Australian Football League CEO Andrew Demetriou said that the league wants to increase its int’l TV coverage. Game broadcasts of Australian Rules football, which is the country’s most-popular sport, are already available in almost every corner of the world. The league's list of int'l broadcast partners includes BT Sport in the U.K, Fox in the U.S., and pan-European channel Eurosport 2, among others. However, the AFL believes that there is room for growth in this area. "I think we can grow internationally. Not from a perspective of players or playing the game, but certainly in the form of international broadcast rights," said Demetriou. The AFL is not only available on traditional broadcast TV but also on computers, tablets and mobile devices through its "Watch AFL Global Pass." The pass allows fans of the sport to watch every AFL game live on their devices for $139 annually. In part due to the game’s global accessibility, Demetriou told SBD Global that its viewership continues to grow. "All sports, but particular the ones that are popular, continue to grow. The demands for them continue to grow," he said. "We are in a fortunate position that our sport does continue to grow on every metric that we measure ourselves by." Demetriou, who has been the league’s CEO since ‘03, attended this year’s Super Bowl as a guest of ESPN and seems to be particularly fond of the Bristol-based network. "We are hoping we can do something with ESPN in the future," he said. The AFL’s current U.S. broadcast deal with Fox Soccer Plus expires after the ’14 season.

ON THE HOME FRONT:
In Australia, the AFL’s broadcast rights are locked up through ’16. Channel 7 and pay-TV operator Foxtel paid A$1.25B for the league’s TV rights in '11. While the next round of negotiations is still a couple years away, media research analyst Roger Colman predicted that the next AFL broadcast rights contract will be worth up to A$1.6B ($1.4B).

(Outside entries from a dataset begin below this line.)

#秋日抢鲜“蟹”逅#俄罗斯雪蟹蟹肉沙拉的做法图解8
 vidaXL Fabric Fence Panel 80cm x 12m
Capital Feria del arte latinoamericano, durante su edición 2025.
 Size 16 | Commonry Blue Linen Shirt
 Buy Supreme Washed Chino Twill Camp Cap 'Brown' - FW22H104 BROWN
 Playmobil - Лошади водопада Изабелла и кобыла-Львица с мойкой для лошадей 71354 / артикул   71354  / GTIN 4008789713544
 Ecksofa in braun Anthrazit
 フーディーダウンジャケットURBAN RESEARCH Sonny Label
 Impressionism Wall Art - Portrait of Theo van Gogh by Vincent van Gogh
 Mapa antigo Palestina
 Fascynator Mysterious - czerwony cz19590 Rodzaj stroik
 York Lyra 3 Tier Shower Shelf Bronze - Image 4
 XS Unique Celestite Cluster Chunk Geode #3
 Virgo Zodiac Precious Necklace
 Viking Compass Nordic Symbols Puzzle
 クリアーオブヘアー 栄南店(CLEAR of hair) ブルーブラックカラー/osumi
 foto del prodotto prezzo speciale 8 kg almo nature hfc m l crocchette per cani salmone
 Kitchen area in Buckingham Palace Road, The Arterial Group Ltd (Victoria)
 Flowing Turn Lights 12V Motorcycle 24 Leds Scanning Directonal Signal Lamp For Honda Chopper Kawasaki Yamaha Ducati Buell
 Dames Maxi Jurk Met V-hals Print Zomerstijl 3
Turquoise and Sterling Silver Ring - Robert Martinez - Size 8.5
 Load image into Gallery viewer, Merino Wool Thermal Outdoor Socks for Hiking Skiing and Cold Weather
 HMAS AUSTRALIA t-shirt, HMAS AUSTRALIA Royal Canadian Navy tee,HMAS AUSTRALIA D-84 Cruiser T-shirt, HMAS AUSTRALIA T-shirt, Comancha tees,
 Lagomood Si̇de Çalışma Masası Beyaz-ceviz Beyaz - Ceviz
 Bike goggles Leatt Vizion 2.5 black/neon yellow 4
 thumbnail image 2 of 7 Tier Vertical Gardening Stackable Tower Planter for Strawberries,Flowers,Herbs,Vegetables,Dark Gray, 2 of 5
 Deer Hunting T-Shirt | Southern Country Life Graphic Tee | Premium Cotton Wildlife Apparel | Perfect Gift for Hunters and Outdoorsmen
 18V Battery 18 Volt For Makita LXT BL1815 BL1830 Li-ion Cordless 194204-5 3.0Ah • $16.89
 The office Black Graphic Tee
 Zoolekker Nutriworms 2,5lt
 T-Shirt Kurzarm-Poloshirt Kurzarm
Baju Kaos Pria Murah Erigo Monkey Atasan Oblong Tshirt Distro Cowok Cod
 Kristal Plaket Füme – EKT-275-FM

Demetriou dismissed the number but said that he was pleased to read how high it could go. "I think everyone realizes on a global scale that broadcast rights and content is very valuable," he said. Because of the game's continuing growth and the National Rugby League's most recent broadcast deal, the AFL is expecting to increase its domestic rights deal but what the increase will be remains to be seen. However, what Demetriou knows is that the league will do its homework before heading into the negotiations. "We will be well prepared, certainly well researched and well briefed on all things broadcasting, whether it is advertising rights or market share, as we have done in the past to get the ultimate result," he said.